Eram folhas impressas de computador e relacionavam os nomes dos homossexuais da cidade, os assumidos e os que permaneciam no armário. Havia o nome do filho do prefeito, do farmacêutico vereador, do feirante vendedor de pastéis – constavam os nomes dos maiorais e também da arraia-miúda. E de Átila “o filho do coronel Nicodemos”.
Minhas vistas ficaram turvas, o sangue fluiu para rosto.
– Vou matar o desgraçado que está fazendo essas injúrias, berrei socando a mesa.
– Por que a zanga? É a mais pura verdade – retrucou Átila. Olhei-o, era surpreendente, mas ele sorria. Meu filho sorria! Assim de supetão lembrei-me do desconforto que me causavam as tatuagens dele: na omoplata a maçã vermelha parcialmente mordida; o beija-flor no antebraço poderoso, o botão de rosa no peito de boxeador peso-pesado.

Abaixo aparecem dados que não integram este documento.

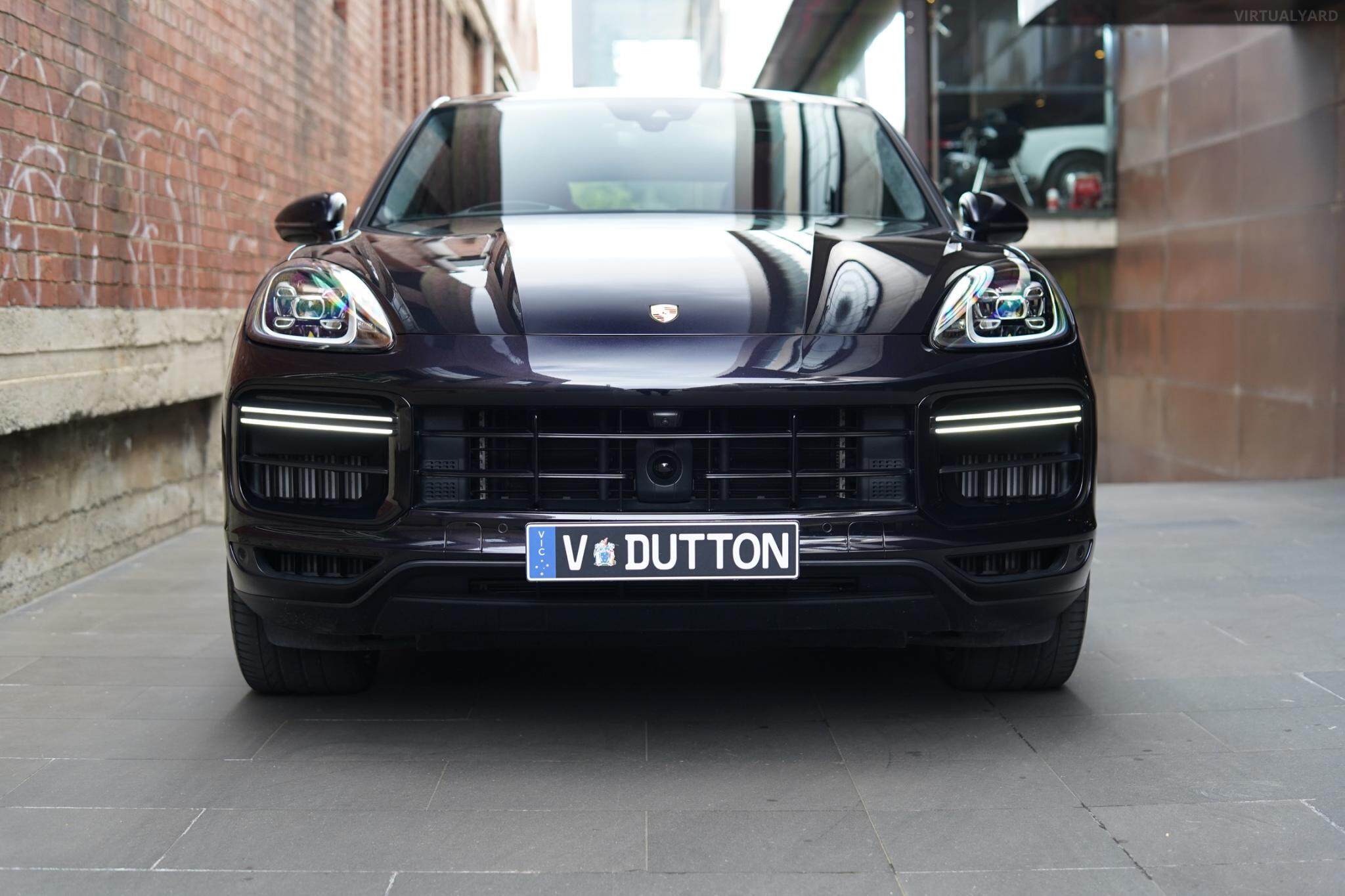 2020 Porsche Cayenne 9YB Turbo Coupe 5dr Tiptronic 8sp 4x4 4.0TT [MY20] 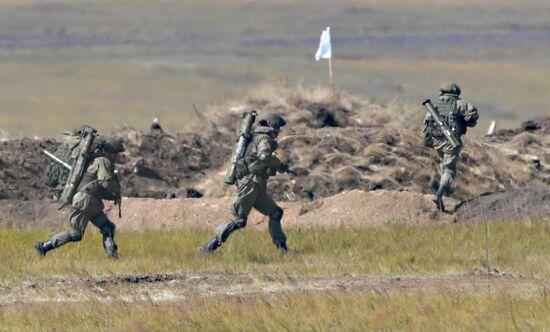 Russia Vostok-2018 Drills 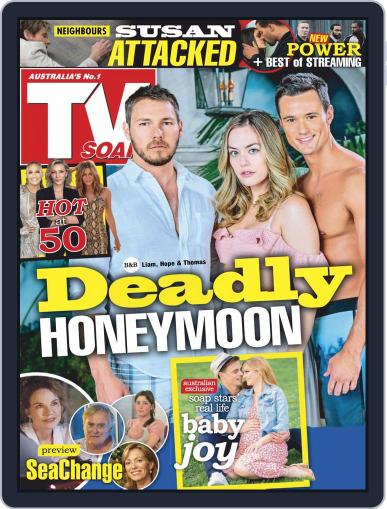 TV Soap August 19th, 2019 Digital Back Issue Cover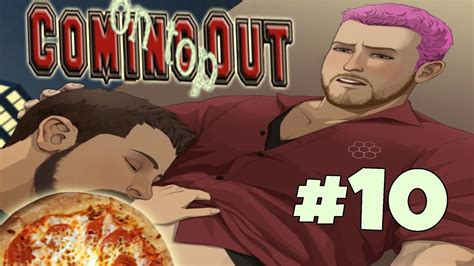 You're about to come out of the closet and are ready to make up for lost time. Pizza Party in the Elevator! - Coming Out on Top #10 ...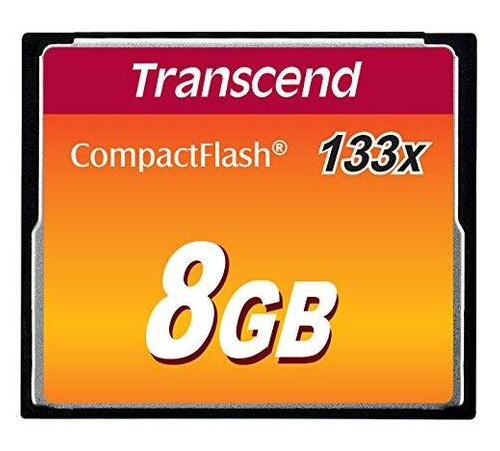 Карта пам'яті Transcend 8GB CF 133X (JN63TS8GCF133) фото №5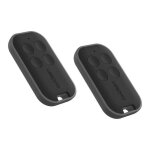 Lot de 2 télécommandes avidsen pour motorisation de portail - avidsen - 114258x2 Lot de 2 télécommandes avidsen pour motorisation de portail - avidsen - 114258x2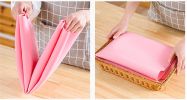 Non-Stick Silicone Dough Rolling Mat Sheet, Kneading Rolling Baking Pad with Measurement Scale Pastry Baking Mat Tool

Minha memória recuou no tempo, lembrei-me de quando ele tinha treze anos e tirava o buço dos lábios usando a cera quente de depilagem da mãe, de como eu dei grandes gargalhadas e depois lhe mostrei como é que um homem de verdade se barbeava – usando a navalha de cabo de marfim que tinha sido do meu avô.
– A mais pura verdade... – murmurei, cansado. Muito cansado.
– A verdade absoluta – reafirmou meu filho. Depois meteu a ponta de uma salsicha do café da manhã na boca e chupou-a fazendo um barulho nojento. Peguei meu quepe e saí. Fiquei alguns minutos na varanda. Precisava readquirir minha dignidade – eu estava chorando. Ao que me lembre, tinha sete anos de idade quando havia chorado pela última vez.